3. Section 8(d) of the Employment Agreement is hereby amended in its entirety, to read as follows:
“(d) If Employee's employment is terminated pursuant to Section 6(b), the Company shall pay to Employee's estate as soon as administratively feasible following the Date of Termination but in no event later than seventy (70) days after the Date of Termination (i) his accrued but unpaid Base Salary through the Date of Termination at the rate then in effect; and (ii) a pro rata portion (based on the number of days elapsed in the Company's fiscal year through the Date of Termination) of Employee's Bonus for the fiscal year in which the Date of Termination occurs.”
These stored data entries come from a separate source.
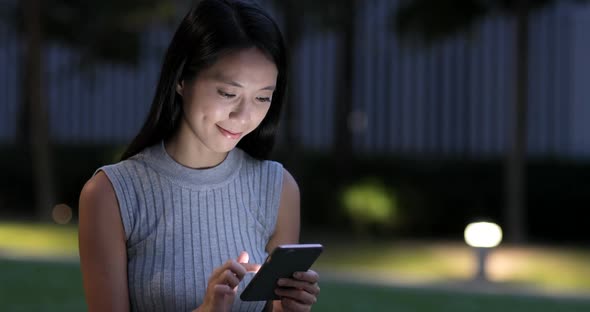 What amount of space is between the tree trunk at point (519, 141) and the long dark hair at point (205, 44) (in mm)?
7991

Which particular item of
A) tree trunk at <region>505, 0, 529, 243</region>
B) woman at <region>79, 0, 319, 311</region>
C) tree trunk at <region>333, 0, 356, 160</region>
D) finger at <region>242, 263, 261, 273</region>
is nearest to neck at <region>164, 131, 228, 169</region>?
woman at <region>79, 0, 319, 311</region>

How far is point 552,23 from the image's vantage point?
14.5 m

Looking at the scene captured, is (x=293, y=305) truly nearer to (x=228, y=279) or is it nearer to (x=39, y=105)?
(x=228, y=279)

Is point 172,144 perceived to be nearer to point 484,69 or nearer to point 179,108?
point 179,108

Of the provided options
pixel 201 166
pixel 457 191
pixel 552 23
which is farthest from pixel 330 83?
pixel 201 166

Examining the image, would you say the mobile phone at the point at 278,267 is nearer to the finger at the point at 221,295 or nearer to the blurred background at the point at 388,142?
the finger at the point at 221,295

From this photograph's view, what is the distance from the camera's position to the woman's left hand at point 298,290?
5.70 feet

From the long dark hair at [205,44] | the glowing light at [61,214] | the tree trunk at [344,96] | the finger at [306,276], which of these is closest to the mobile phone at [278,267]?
the finger at [306,276]

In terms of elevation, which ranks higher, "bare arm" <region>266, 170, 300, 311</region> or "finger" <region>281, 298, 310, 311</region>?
"bare arm" <region>266, 170, 300, 311</region>

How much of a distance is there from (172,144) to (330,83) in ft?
47.8

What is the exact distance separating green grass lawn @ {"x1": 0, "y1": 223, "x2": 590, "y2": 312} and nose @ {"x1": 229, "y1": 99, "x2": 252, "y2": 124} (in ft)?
15.6

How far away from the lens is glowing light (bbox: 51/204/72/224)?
39.3 ft

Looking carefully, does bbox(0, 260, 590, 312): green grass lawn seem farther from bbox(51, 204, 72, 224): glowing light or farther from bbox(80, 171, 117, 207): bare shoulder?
bbox(80, 171, 117, 207): bare shoulder

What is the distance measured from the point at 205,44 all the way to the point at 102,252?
43 centimetres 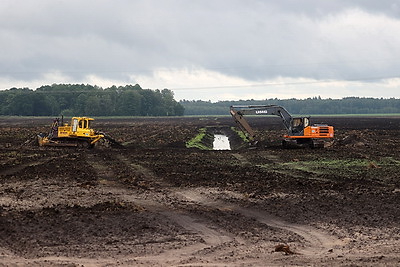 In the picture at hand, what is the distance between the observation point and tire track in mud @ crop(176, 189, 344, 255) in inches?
568

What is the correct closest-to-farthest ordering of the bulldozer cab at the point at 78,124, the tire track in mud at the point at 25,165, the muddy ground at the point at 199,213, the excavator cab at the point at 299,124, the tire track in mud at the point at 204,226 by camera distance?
the muddy ground at the point at 199,213
the tire track in mud at the point at 204,226
the tire track in mud at the point at 25,165
the excavator cab at the point at 299,124
the bulldozer cab at the point at 78,124

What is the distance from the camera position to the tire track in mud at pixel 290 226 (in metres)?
14.4

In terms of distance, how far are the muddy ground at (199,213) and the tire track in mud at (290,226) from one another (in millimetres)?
34

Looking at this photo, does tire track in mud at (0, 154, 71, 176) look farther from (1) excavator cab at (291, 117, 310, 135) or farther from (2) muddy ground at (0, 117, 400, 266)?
(1) excavator cab at (291, 117, 310, 135)

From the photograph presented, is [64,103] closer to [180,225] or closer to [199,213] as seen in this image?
[199,213]

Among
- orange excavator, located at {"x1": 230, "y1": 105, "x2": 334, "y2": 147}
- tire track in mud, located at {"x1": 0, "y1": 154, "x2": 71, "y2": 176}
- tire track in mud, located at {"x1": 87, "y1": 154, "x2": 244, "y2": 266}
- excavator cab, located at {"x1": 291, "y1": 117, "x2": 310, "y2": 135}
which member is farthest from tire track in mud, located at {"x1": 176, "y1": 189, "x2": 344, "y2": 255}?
excavator cab, located at {"x1": 291, "y1": 117, "x2": 310, "y2": 135}

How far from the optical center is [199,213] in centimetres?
1848

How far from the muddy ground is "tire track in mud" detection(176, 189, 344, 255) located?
34 millimetres

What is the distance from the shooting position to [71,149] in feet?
145

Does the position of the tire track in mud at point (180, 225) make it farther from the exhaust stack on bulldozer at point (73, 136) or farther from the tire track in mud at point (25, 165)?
the exhaust stack on bulldozer at point (73, 136)

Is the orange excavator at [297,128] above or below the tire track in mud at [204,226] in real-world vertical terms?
above

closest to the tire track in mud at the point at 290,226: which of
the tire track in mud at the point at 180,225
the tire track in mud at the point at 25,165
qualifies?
the tire track in mud at the point at 180,225

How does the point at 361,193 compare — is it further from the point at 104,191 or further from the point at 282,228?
the point at 104,191

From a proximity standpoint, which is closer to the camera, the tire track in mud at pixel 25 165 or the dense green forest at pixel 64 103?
the tire track in mud at pixel 25 165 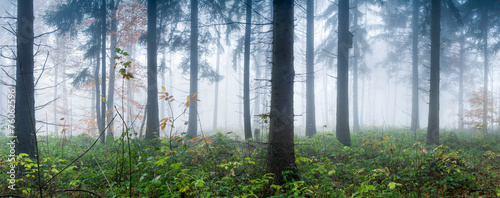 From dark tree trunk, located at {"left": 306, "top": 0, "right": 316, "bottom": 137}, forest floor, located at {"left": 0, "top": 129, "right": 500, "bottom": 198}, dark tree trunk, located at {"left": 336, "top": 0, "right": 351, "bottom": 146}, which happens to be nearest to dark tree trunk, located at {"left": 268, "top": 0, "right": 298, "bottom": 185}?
forest floor, located at {"left": 0, "top": 129, "right": 500, "bottom": 198}

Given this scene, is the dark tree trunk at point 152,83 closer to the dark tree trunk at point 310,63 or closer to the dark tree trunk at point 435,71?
the dark tree trunk at point 310,63

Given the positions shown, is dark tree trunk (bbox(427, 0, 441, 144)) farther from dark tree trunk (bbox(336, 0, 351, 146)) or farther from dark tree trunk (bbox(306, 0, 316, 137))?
dark tree trunk (bbox(306, 0, 316, 137))

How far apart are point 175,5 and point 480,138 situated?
50.2 feet

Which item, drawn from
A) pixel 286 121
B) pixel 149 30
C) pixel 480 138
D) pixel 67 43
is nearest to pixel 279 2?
pixel 286 121

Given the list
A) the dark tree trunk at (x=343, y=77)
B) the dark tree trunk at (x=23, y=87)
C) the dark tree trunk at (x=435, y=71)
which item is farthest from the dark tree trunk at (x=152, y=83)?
the dark tree trunk at (x=435, y=71)

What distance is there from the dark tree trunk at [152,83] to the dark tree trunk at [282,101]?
246 inches

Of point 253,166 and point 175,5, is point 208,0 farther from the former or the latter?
point 253,166

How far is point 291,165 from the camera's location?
4.10 m

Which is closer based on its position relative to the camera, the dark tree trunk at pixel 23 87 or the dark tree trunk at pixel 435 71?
the dark tree trunk at pixel 23 87

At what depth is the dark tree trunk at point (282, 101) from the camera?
409 centimetres

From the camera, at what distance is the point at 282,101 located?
409cm

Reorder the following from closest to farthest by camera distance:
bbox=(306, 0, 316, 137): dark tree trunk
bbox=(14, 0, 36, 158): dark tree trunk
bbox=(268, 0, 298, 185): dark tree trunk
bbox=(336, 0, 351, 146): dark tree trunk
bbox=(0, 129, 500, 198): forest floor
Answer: bbox=(0, 129, 500, 198): forest floor
bbox=(268, 0, 298, 185): dark tree trunk
bbox=(14, 0, 36, 158): dark tree trunk
bbox=(336, 0, 351, 146): dark tree trunk
bbox=(306, 0, 316, 137): dark tree trunk

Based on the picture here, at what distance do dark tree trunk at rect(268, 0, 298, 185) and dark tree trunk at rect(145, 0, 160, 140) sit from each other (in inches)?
246

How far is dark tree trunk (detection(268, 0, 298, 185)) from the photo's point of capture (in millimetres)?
4090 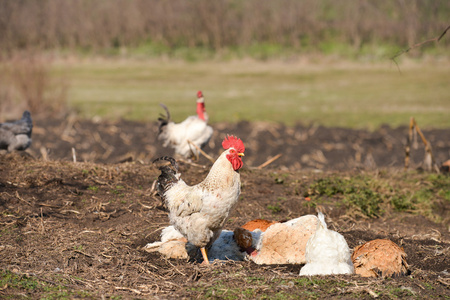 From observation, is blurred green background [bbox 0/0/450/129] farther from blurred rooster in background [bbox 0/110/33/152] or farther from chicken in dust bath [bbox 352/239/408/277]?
chicken in dust bath [bbox 352/239/408/277]

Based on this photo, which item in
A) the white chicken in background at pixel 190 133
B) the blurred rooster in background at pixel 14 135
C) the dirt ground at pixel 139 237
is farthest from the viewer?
the white chicken in background at pixel 190 133

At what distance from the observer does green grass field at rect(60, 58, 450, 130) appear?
15945 millimetres

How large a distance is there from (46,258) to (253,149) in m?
6.92

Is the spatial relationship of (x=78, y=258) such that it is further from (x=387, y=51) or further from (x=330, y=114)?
(x=387, y=51)

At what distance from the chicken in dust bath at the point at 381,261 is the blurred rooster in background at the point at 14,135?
551 cm

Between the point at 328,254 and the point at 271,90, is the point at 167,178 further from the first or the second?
the point at 271,90

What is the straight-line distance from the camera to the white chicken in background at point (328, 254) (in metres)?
4.65

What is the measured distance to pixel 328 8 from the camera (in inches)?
1230

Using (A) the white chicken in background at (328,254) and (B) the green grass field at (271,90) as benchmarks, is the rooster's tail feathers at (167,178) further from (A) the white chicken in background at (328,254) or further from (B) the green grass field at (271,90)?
(B) the green grass field at (271,90)

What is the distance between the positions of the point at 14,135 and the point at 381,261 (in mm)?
5843

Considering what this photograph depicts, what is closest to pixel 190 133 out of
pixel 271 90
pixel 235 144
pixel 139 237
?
pixel 139 237

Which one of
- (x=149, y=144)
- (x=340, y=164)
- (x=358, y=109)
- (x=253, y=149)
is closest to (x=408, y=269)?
(x=340, y=164)

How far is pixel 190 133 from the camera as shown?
8.98m

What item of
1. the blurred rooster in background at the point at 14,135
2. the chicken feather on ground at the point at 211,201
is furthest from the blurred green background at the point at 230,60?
the chicken feather on ground at the point at 211,201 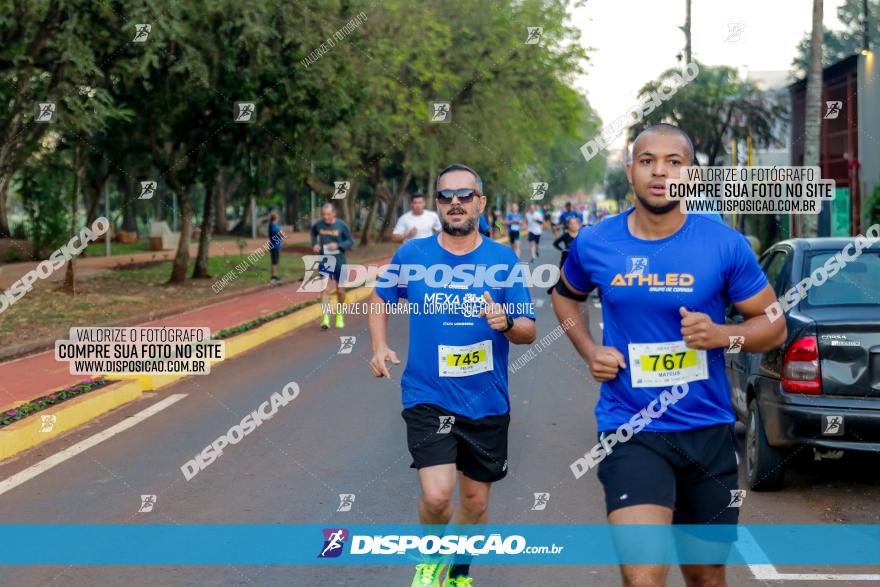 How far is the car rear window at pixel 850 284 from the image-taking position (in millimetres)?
7766

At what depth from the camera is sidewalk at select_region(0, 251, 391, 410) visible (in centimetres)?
1209

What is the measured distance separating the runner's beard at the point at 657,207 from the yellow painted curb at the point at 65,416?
679 centimetres

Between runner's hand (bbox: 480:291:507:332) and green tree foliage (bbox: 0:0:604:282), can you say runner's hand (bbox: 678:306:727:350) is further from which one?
green tree foliage (bbox: 0:0:604:282)

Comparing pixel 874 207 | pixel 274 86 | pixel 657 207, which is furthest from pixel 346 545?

4. Section 8(e) of the Employment Agreement is hereby amended in its entirety, to read as follows:
“(e) 409A Compliance. Notwithstanding the foregoing, if necessary to comply with the restriction in Section 409A(a)(2)(B) of the Internal Revenue Code of 1986, as amended (the “Code”) concerning payments to “specified employees”, any payment on account of Employee’s separation from service that would otherwise be due hereunder within six months after such separation shall nonetheless be delayed until the first business day of the seventh month following Employee’s date of termination and the first such payment shall include the cumulative amount of any payments that would have been paid prior to such date if not for such restriction, together with interest on such cumulative amount during the period of such restriction at a rate, per annum, equal to the applicable federal short-term rate (compounded monthly) in effect under Section 1274(d) of the Code on the date of termination. For purposes of Section 8 hereof, Employee shall be a “specified employee” for the 12-month period beginning on the first day of the fourth month following each “Identification Date” if he is a “key employee” (as defined in Section 416(i) of the Code without regard to
Section 416(i)(5) thereof) of the Company at any time during the 12-month period ending on the “Identification Date.” For purposes of the foregoing, the Identification Date shall be December 31. Notwithstanding anything contained herein to the contrary, Employee shall not be considered to have terminated employment with the Company for purposes of Section 8 hereof unless he would be considered to have incurred a “termination of employment” from the Company within the meaning of Treasury Regulation §1.409A-1(h)(1)(ii).”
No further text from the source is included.